Using Google Apps Script for automation of small tasks

19 May 2013

I've been manually tracking the number of .NET/C# jobs in Melbourne for some time now. I could've automated it, probably, but it was easier to do it just by hand - it took only a couple of minutes every day anyway. So I thought it wasn't worth it. Although I love automating things like that (sometimes even overly so), I still hesitated.

But recently I learnt about Google Apps Script service, and after taking a quick look at the docs I decided to implement a small tool for gathering job market statistics.

My goal was simple: get a search results page from seek.com.au, load it as a DOM, run a CSS select to find the element that I need and write the value of that element into a spreadsheet that I use for tracking/analysis.
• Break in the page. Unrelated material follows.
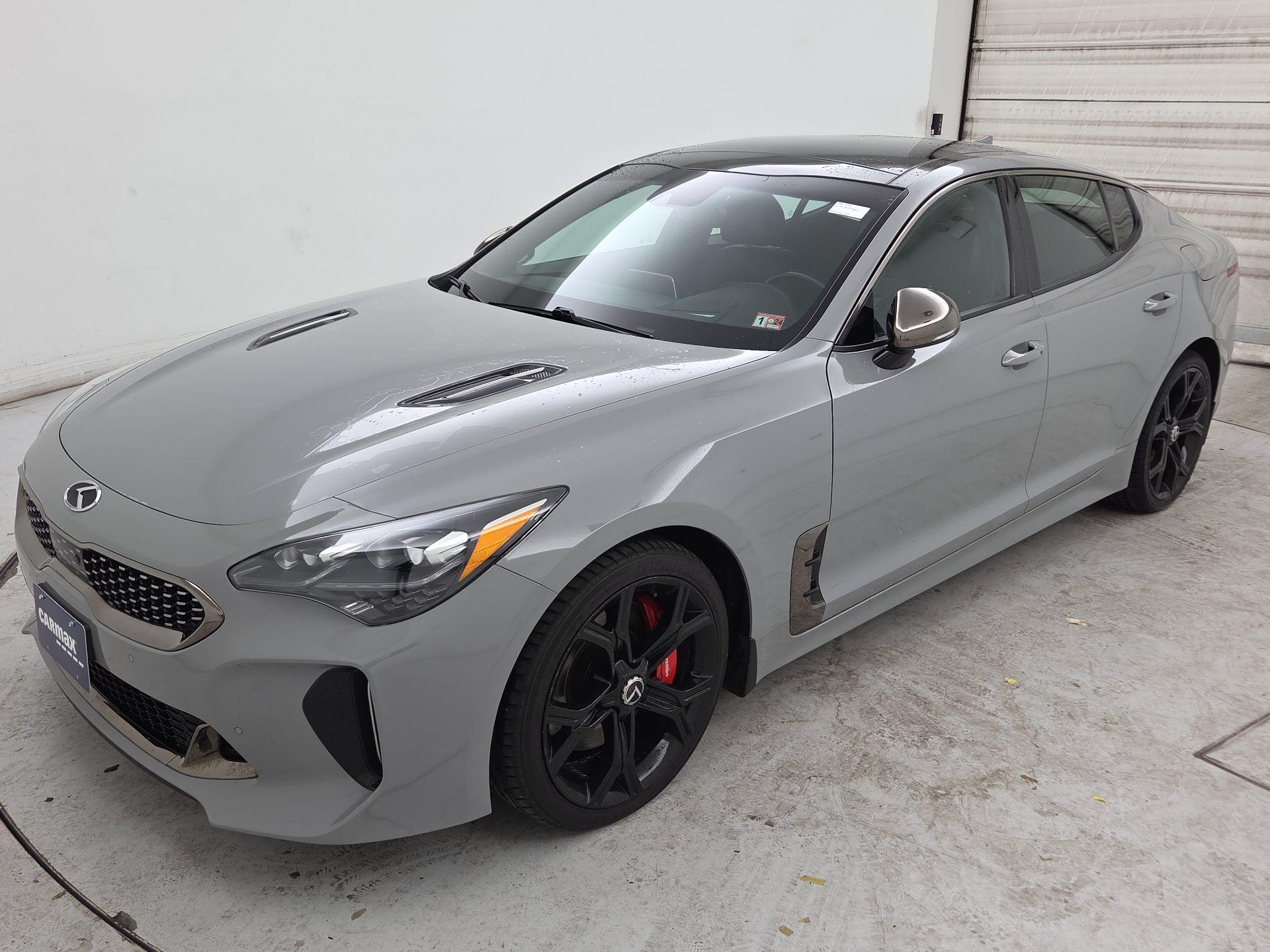 Thumbnail: 2021 Kia Stinger - 3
Apart from small changes to the original plan (I had to use semicolons, apparently Apps Script hates you for not doing so, throwing random errors at you when debugging; I also decided not to load the whole page as XML, and only load a tiny bit), everything worked amazingly well.

I must say Apps Script's API is quite comprehensive; API docs are great too - it was quite easy to find the stuff I needed.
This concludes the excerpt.